» TASK TO CARRY OUT:
A faithful copy is required: retype the records from their first line through the line with "imageBlooming Jelly Womens", and omit the pictures.

(Brief descriptive captions)
=== Begin Enclosure ===

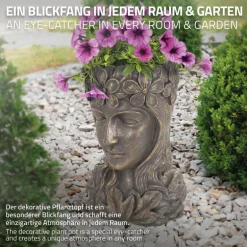 Pflanztopf Frauenkopf 21x16x32 cm Bronze aus Polyresin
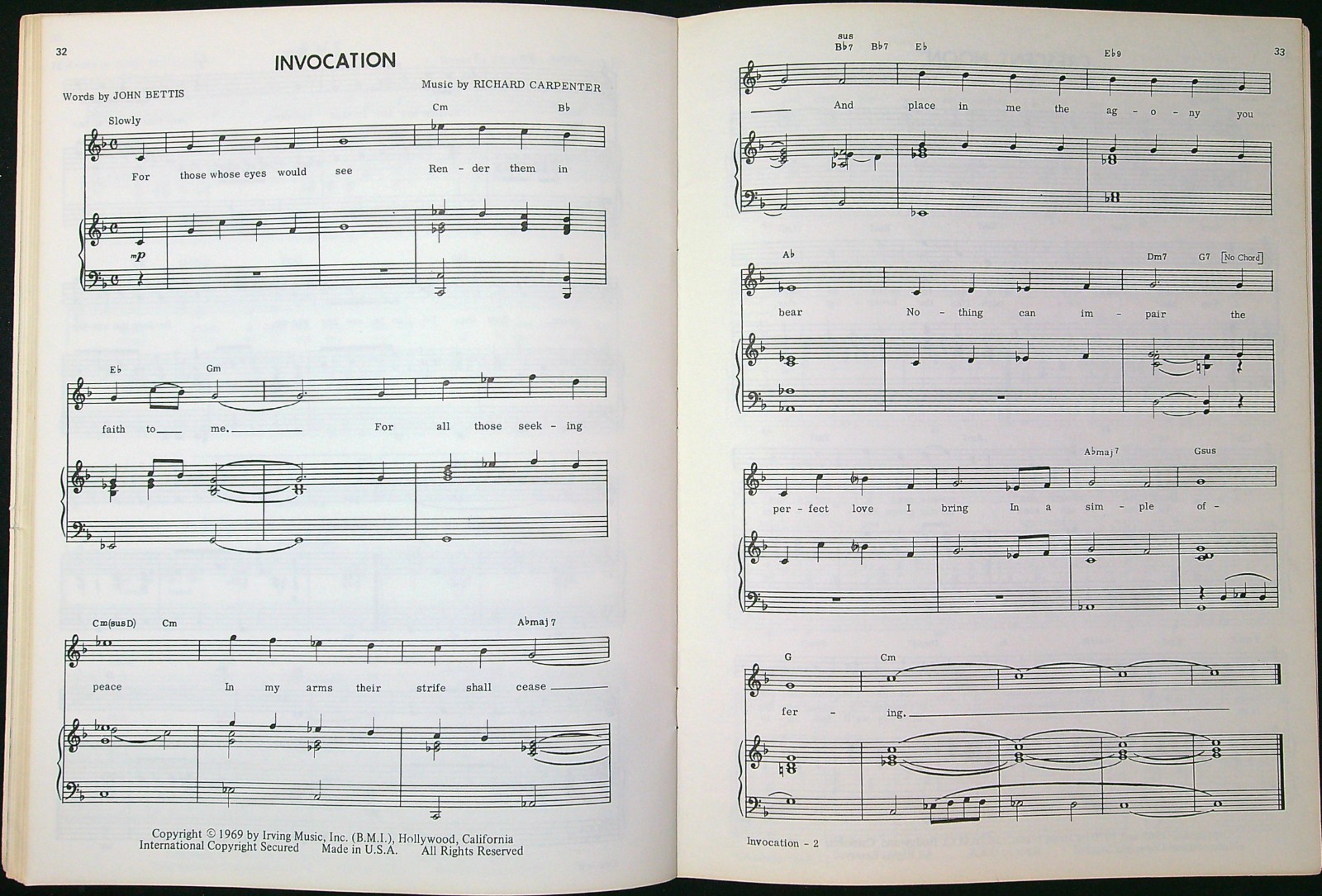 Carpenters Close To You Ticket To Ride 1969 Vintage Piano Vocal Music Book 838a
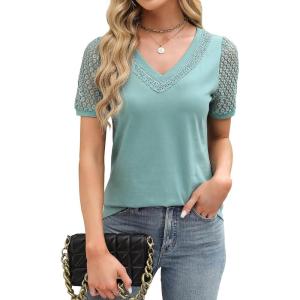 imageBlooming Jelly Womens Dressy Casual Blouses Business Work Tops Lace Short Sleeve V Neck T Shirts 2024 Summer OutfitsTeal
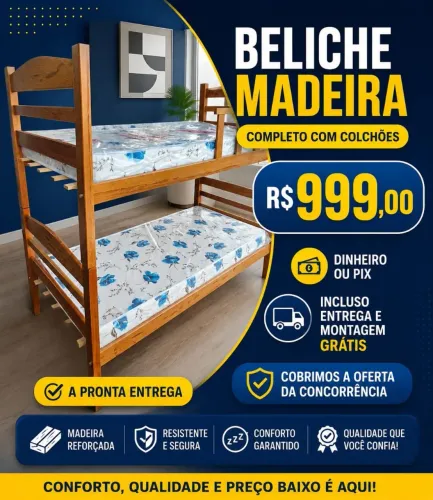 Beliche Madeira + 2 Colchões Novos a Pronta Entrega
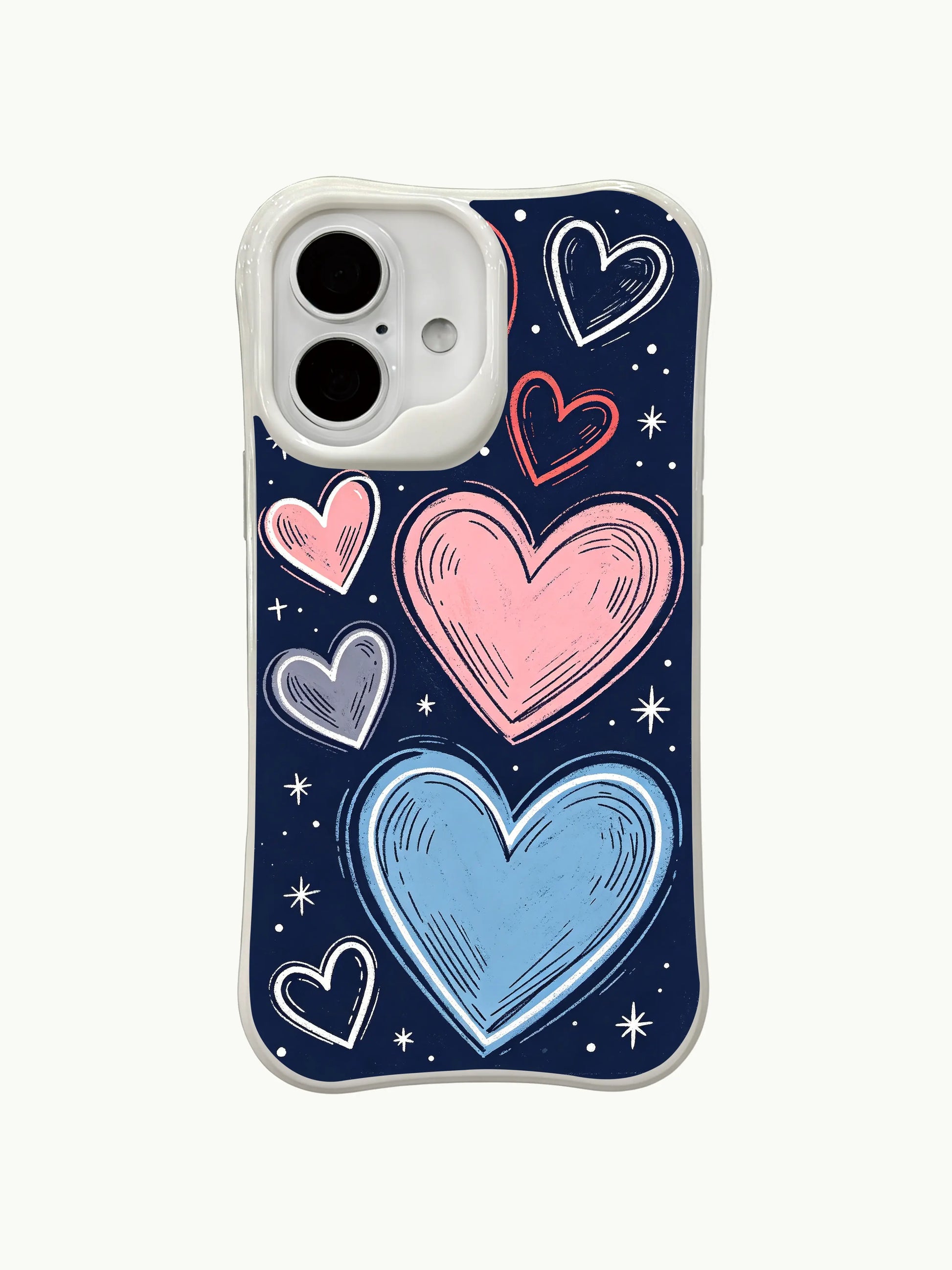 PhoneCasing navy starlight hearts iPhone 16 plus case, whimsical design combining hearts and stars, locally crafted in California.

=== End Enclosure ===

» ANSWER AREA:
 Pflanztopf Frauenkopf 21x16x32 cm Bronze aus Polyresin
 Carpenters Close To You Ticket To Ride 1969 Vintage Piano Vocal Music Book 838a
 imageBlooming Jelly Womens Dressy Casual Blouses Business Work Tops Lace Short Sleeve V Neck T Shirts 2024 Summer OutfitsTeal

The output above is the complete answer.